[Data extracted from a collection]
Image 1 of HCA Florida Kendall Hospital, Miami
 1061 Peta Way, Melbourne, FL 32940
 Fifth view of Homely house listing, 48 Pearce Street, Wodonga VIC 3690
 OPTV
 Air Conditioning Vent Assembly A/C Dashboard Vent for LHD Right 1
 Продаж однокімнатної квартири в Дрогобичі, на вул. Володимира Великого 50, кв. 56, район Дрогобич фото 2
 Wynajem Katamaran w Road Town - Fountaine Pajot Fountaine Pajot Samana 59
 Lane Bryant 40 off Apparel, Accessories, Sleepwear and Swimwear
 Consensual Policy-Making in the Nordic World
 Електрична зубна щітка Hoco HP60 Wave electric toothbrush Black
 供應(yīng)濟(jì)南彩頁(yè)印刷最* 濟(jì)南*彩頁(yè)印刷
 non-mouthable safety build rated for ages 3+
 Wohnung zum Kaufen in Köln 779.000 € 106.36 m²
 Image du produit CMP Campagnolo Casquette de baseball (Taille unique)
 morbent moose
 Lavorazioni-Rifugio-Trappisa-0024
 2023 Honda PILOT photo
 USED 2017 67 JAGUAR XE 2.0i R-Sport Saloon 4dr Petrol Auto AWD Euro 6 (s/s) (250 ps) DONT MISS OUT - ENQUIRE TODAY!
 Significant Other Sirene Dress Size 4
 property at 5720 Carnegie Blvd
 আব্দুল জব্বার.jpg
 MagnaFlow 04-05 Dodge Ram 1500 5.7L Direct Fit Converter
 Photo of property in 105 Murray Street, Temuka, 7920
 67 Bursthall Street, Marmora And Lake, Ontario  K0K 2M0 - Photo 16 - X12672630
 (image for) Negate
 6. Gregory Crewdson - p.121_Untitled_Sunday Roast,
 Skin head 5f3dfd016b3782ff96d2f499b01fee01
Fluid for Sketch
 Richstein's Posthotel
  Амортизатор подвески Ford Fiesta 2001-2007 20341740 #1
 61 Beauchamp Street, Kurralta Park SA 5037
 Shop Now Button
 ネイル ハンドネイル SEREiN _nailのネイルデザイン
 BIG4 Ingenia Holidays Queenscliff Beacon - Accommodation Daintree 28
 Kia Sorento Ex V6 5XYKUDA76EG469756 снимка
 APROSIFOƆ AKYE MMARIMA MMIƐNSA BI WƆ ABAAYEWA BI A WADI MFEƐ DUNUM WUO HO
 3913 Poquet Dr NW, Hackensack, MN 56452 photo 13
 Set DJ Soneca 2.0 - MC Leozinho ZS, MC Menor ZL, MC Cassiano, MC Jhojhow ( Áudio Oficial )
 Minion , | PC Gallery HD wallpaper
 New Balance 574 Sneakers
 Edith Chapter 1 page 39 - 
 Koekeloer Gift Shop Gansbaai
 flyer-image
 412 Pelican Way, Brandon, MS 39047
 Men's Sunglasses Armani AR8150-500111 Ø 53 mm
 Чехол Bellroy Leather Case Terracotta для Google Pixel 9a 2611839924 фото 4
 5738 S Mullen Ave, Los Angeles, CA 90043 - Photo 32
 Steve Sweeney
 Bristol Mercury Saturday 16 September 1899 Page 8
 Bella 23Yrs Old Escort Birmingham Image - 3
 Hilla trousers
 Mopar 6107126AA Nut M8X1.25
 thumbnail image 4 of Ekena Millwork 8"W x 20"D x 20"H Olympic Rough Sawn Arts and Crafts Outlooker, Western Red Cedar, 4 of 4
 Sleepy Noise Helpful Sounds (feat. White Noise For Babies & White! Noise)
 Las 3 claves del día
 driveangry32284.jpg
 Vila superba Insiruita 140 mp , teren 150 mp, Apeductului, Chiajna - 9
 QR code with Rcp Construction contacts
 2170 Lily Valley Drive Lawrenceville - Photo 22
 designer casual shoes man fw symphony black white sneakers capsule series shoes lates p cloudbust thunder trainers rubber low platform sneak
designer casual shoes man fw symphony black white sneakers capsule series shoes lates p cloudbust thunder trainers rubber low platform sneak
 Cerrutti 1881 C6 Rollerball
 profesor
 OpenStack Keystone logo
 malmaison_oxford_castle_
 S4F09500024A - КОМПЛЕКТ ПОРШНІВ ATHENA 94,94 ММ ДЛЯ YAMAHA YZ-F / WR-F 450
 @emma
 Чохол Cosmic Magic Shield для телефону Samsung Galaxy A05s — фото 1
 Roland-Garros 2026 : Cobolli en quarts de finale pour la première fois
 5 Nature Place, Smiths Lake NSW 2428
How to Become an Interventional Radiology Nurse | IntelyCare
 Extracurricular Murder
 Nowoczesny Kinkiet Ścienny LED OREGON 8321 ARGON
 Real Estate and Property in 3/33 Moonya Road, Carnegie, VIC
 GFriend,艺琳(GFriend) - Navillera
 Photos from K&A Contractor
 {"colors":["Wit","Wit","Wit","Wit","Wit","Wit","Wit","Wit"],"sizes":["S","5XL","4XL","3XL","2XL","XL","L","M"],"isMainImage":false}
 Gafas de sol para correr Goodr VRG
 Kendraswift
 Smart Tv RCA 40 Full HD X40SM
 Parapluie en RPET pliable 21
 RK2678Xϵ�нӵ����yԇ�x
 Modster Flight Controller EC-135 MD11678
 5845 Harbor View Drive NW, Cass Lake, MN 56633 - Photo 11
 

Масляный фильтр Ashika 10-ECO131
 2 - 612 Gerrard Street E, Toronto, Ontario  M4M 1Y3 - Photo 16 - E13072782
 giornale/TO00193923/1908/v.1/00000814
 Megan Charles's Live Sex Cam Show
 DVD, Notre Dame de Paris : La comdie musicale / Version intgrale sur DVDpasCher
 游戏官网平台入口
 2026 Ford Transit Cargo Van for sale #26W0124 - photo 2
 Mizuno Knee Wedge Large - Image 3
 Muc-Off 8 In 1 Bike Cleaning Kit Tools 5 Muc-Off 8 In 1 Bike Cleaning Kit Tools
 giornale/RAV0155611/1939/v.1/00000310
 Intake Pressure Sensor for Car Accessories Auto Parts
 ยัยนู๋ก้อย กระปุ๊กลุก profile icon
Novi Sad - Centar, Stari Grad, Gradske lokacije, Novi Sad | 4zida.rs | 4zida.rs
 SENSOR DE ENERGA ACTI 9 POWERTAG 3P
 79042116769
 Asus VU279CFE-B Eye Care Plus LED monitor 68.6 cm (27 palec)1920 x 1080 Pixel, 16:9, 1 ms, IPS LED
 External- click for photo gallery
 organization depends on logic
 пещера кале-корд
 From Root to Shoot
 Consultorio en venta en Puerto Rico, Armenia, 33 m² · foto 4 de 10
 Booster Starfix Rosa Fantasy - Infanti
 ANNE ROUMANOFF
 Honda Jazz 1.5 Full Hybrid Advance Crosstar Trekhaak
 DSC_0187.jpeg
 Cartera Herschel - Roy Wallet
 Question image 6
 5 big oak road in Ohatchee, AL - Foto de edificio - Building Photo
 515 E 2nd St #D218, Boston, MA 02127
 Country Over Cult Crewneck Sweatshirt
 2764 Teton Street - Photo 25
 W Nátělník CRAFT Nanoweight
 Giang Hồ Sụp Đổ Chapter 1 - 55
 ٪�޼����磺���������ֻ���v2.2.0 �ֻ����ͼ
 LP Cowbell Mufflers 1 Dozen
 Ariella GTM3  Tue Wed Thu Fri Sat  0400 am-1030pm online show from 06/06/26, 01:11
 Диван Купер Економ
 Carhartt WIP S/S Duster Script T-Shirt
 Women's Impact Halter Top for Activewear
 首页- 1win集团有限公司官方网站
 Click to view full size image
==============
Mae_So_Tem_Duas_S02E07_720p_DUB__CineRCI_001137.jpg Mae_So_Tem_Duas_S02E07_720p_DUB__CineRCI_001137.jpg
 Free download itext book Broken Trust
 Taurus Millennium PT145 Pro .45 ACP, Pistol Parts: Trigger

▸ Work to be completed
Copy out the range of lines above starting at the line with "Cerrutti 1881 C6 Rollerball" and ending at the line with "giornale/RAV0155611/1939/v.1/00000310", exactly and including both.

▸ Task output
 Cerrutti 1881 C6 Rollerball
 profesor
 OpenStack Keystone logo
 malmaison_oxford_castle_
 S4F09500024A - КОМПЛЕКТ ПОРШНІВ ATHENA 94,94 ММ ДЛЯ YAMAHA YZ-F / WR-F 450
 @emma
 Чохол Cosmic Magic Shield для телефону Samsung Galaxy A05s — фото 1
 Roland-Garros 2026 : Cobolli en quarts de finale pour la première fois
 5 Nature Place, Smiths Lake NSW 2428
How to Become an Interventional Radiology Nurse | IntelyCare
 Extracurricular Murder
 Nowoczesny Kinkiet Ścienny LED OREGON 8321 ARGON
 Real Estate and Property in 3/33 Moonya Road, Carnegie, VIC
 GFriend,艺琳(GFriend) - Navillera
 Photos from K&A Contractor
 {"colors":["Wit","Wit","Wit","Wit","Wit","Wit","Wit","Wit"],"sizes":["S","5XL","4XL","3XL","2XL","XL","L","M"],"isMainImage":false}
 Gafas de sol para correr Goodr VRG
 Kendraswift
 Smart Tv RCA 40 Full HD X40SM
 Parapluie en RPET pliable 21
 RK2678Xϵ�нӵ����yԇ�x
 Modster Flight Controller EC-135 MD11678
 5845 Harbor View Drive NW, Cass Lake, MN 56633 - Photo 11
 

Масляный фильтр Ashika 10-ECO131
 2 - 612 Gerrard Street E, Toronto, Ontario  M4M 1Y3 - Photo 16 - E13072782
 giornale/TO00193923/1908/v.1/00000814
 Megan Charles's Live Sex Cam Show
 DVD, Notre Dame de Paris : La comdie musicale / Version intgrale sur DVDpasCher
 游戏官网平台入口
 2026 Ford Transit Cargo Van for sale #26W0124 - photo 2
 Mizuno Knee Wedge Large - Image 3
 Muc-Off 8 In 1 Bike Cleaning Kit Tools 5 Muc-Off 8 In 1 Bike Cleaning Kit Tools
 giornale/RAV0155611/1939/v.1/00000310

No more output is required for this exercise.